The Interaction Loop

  1. Formulate Intent: The agent identifies what it wants to do (identity, workload, scope).
  2. Submit Intent: The agent sends an intent_submitted event to the daemon.
  3. Wait for Decision: The agent pauses execution until a decision is returned.
  4. Respect Decision:
    • Approve: Execute the action immediately.
    • ApproveWithModifications: Apply required changes (e.g., sleep for wait_seconds) then execute.
    • Deny: Do not execute. Handle the rejection (retry later, fail task, or degrade).
  5. Emit Result (Optional but recommended): Report the actual cost/outcome via usage_observed.

2. The Intent Protocol

2.1 Intent Submission

An intent is a structured request for permission. It must contain sufficient context for the Policy Engine to make a safe decision.

Required Fields:

  • agent_id: Who is asking? (e.g., crawler-01, ci-runner).
  • identity_id: Which credentials will be used? (e.g., pat:rmax, app:ratelord-bot).
  • workload_id: What abstract task is this? (e.g., repo_scan, issue_comment).
  • scope_id: Where is this happening? (e.g., repo:owner/name, org:my-org).
  • urgency: How critical is this? (high | normal | background).

Optional Fields:

  • expected_cost: Estimate of consumption (e.g., "100 points"). If unknown, daemon uses historical averages.
  • duration_hint: Expected runtime (for long-running jobs).

2.2 Decision Handling

The daemon responds with one of three verdict types. Agents MUST handle all three.

A. Approve

  • Meaning: The action is safe.
  • Obligation: Proceed immediately.

B. ApproveWithModifications (The "Yellow Light")

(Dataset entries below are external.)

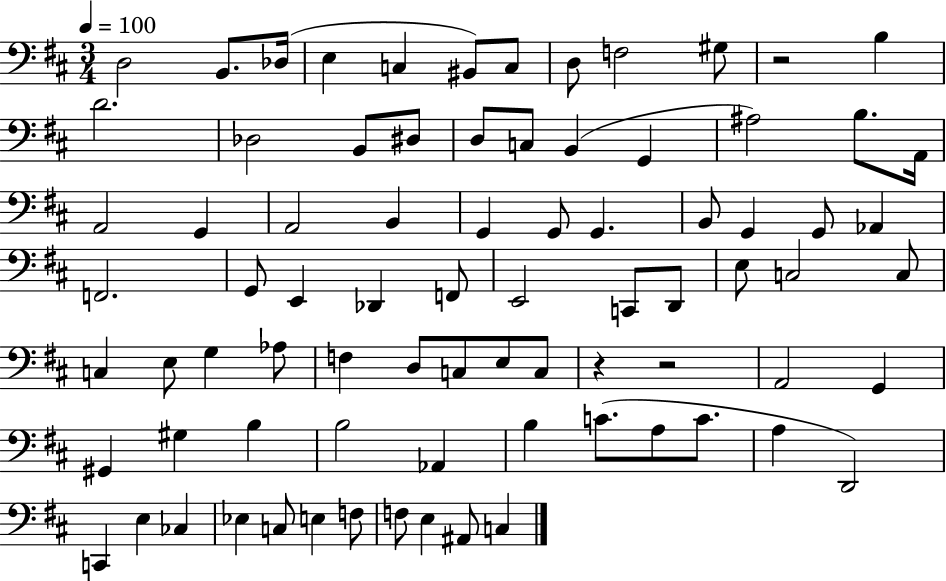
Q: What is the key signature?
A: D major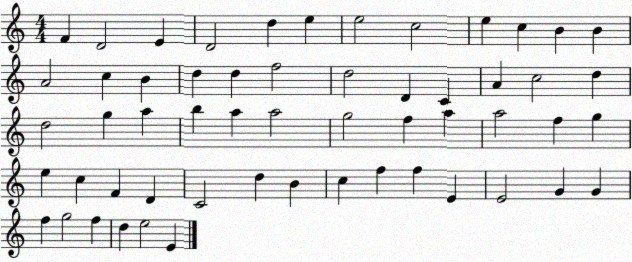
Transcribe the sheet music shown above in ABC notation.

X:1
T:Untitled
M:4/4
L:1/4
K:C
F D2 E D2 d e e2 c2 e c B B A2 c B d d f2 d2 D C A c2 d d2 g a b a a2 g2 f a a2 f g e c F D C2 d B c f f E E2 G G f g2 f d e2 E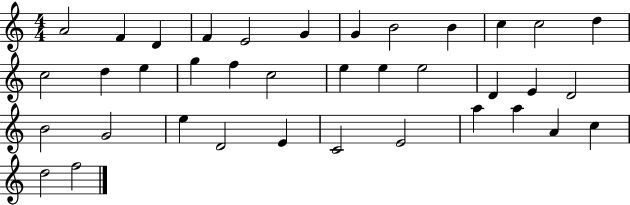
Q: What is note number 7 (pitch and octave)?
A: G4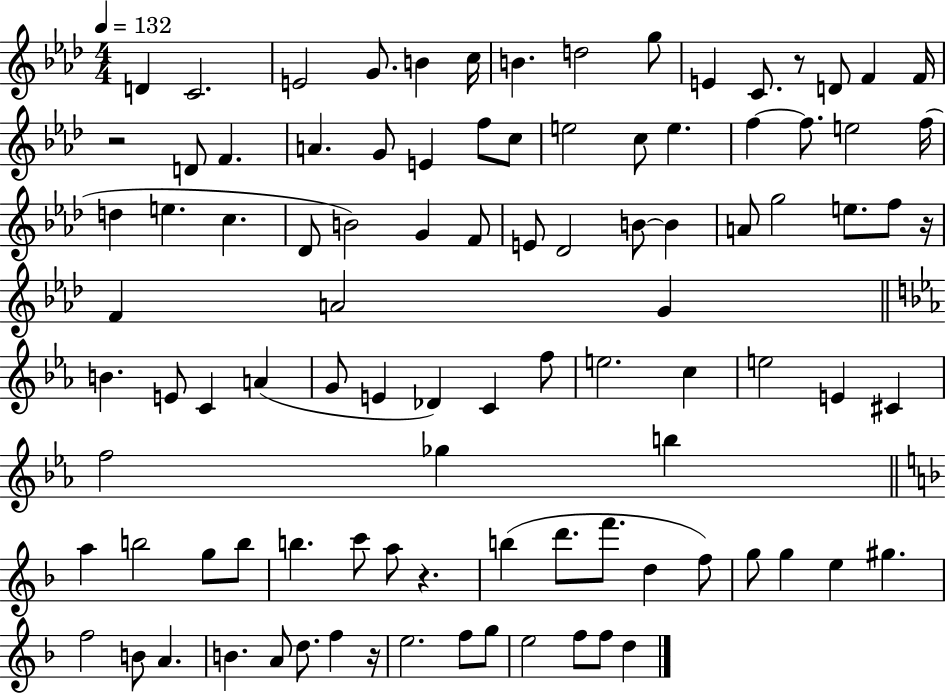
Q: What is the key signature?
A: AES major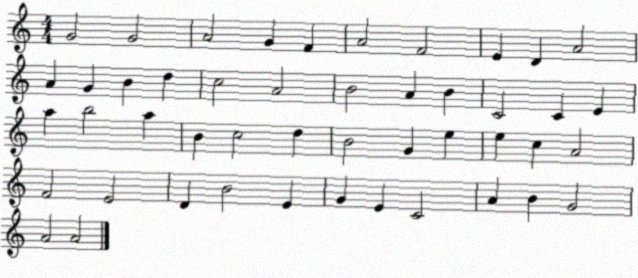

  • Meaning: The action is safe only if modified.
  • Modifications:
    • wait_seconds: Agent MUST sleep for this duration before executing.
    • identity_switch: (Advanced) Agent should use a different credential if capable.
  • Obligation: Apply the modification (sleep), then proceed.

C. Deny

  • Meaning: The action is unsafe or forbidden.
  • Reason: Provided in the response (e.g., risk_too_high, policy_violation, hard_limit_reached).
  • Obligation: Abort the specific provider call.
    • Retry: Agents may retry after a backoff (unless reason is permanent).
    • Fail: Agents may fail the task if it is non-retryable.
    • Degrade: Agents may skip the optional step (e.g., skip fetching comments).

3. Behavioral Obligations

3.1 Attribution & Honesty

Agents must truthfully self-identify.

  • Do not spoof: Never use urgency: high for background tasks to bypass checks.
  • Do not mask: Never use sentinel:unknown for Identity/Scope if the real values are known.
  • Consequence: The Policy Engine may penalize dishonest agents (future feature: "sin bin").

3.2 Adaptability

Agents are expected to be elastic.

  • Handle Delays: A 5-second throttle should not crash the agent.
  • Handle Rejection: A denial is a valid state, not an exception.
  • Degrade Gracefully: If the "Full Scan" workload is denied, fall back to "Metadata Only" if possible.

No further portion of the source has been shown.